- _RAW DATA_:
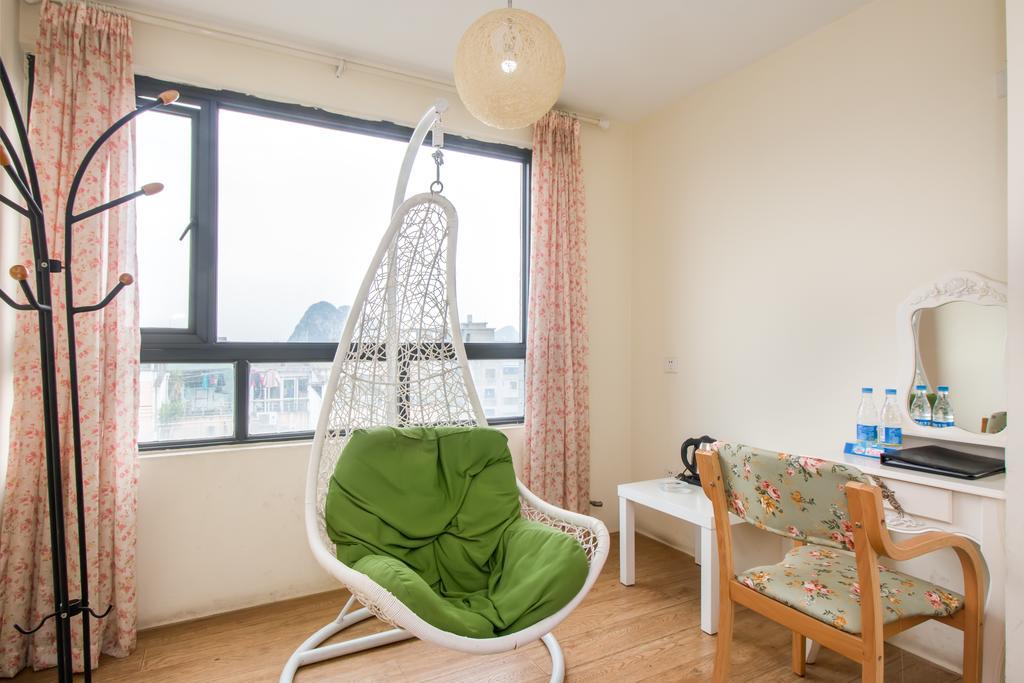Guilin Harbour No.1 Hotel エクステリア 写真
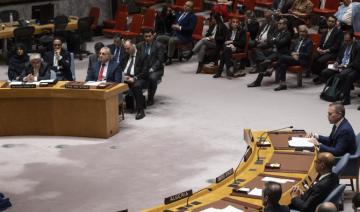 A l'ONU, Israël et l'Iran s'accusent mutuellement d'être « la » menace pour la paix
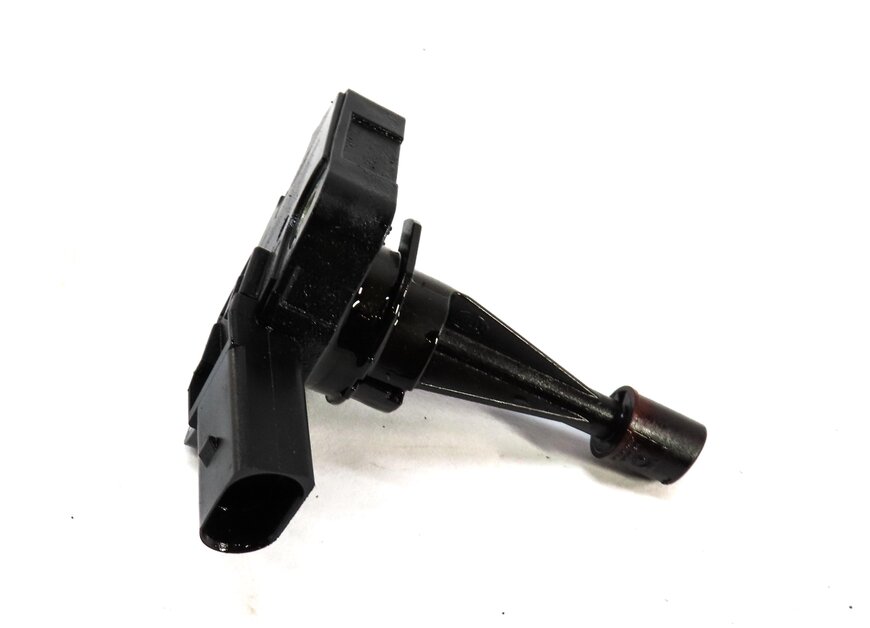 Thumbnail 2: 2013 AUDI Q7 (4L) 3.0L SUPER (CTWB) ENGINE OIL LEVEL SENSOR 03C907660R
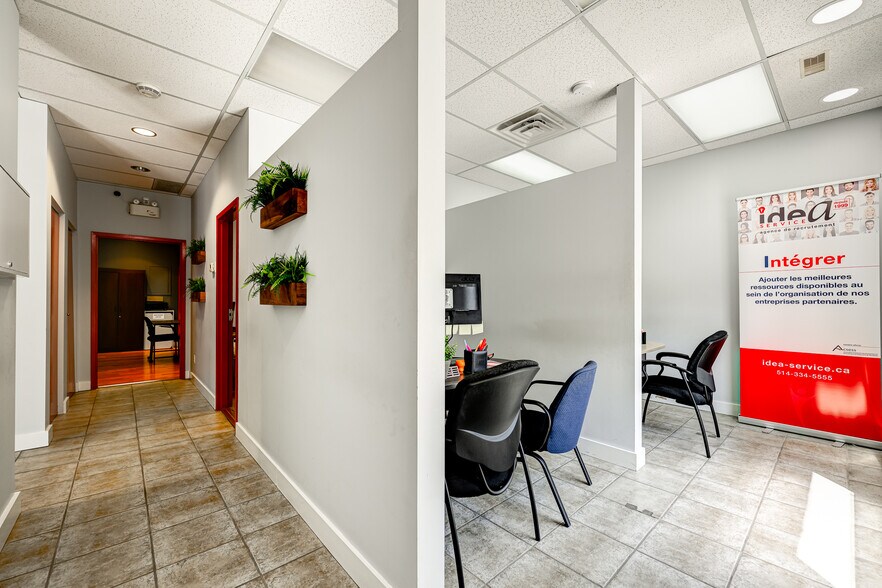 More Photos Of 1449-1463 Rue Du Collège, Montréal Apartments For Lease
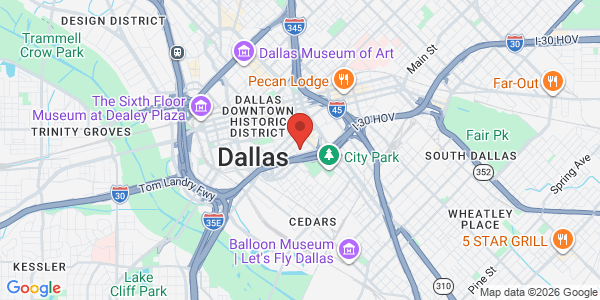 Points of Interest in Lower Manhattan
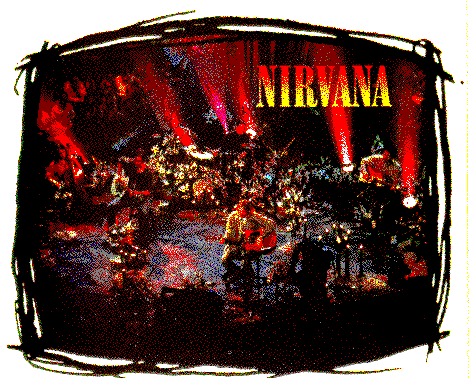 nirvana unplugged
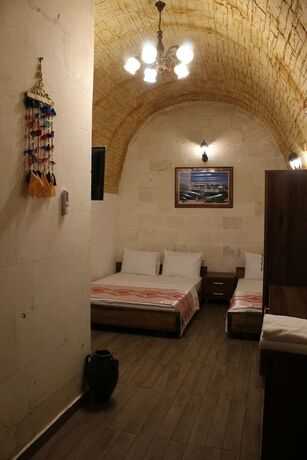 Imagen de la habitación del Grand Babil Otel. Foto 12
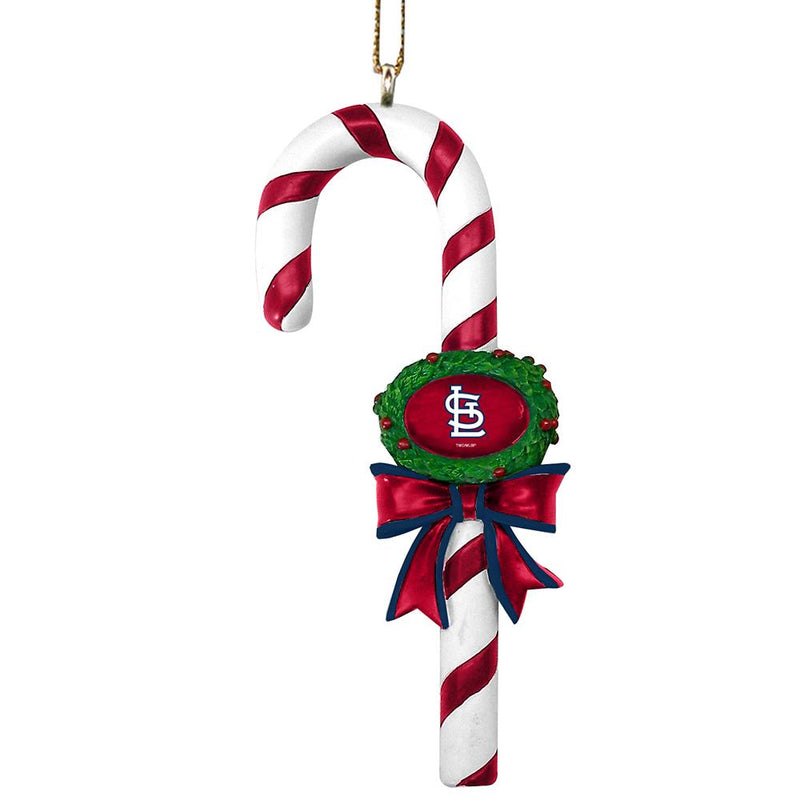 2 Pack Candy Cane Ornament Set | St. Louis Cardinals
MLB, OldProduct, SLC, St Louis Cardinals
The Memory Company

- _YOUR GOAL_:
Set every line of the records down again exactly, and exclude all pictures.

- _YOUR SOLUTION_:
Guilin Harbour No.1 Hotel エクステリア 写真
 A l'ONU, Israël et l'Iran s'accusent mutuellement d'être « la » menace pour la paix
 Thumbnail 2: 2013 AUDI Q7 (4L) 3.0L SUPER (CTWB) ENGINE OIL LEVEL SENSOR 03C907660R
 More Photos Of 1449-1463 Rue Du Collège, Montréal Apartments For Lease
 Points of Interest in Lower Manhattan
 nirvana unplugged
 Imagen de la habitación del Grand Babil Otel. Foto 12
 2 Pack Candy Cane Ornament Set | St. Louis Cardinals
MLB, OldProduct, SLC, St Louis Cardinals
The Memory Company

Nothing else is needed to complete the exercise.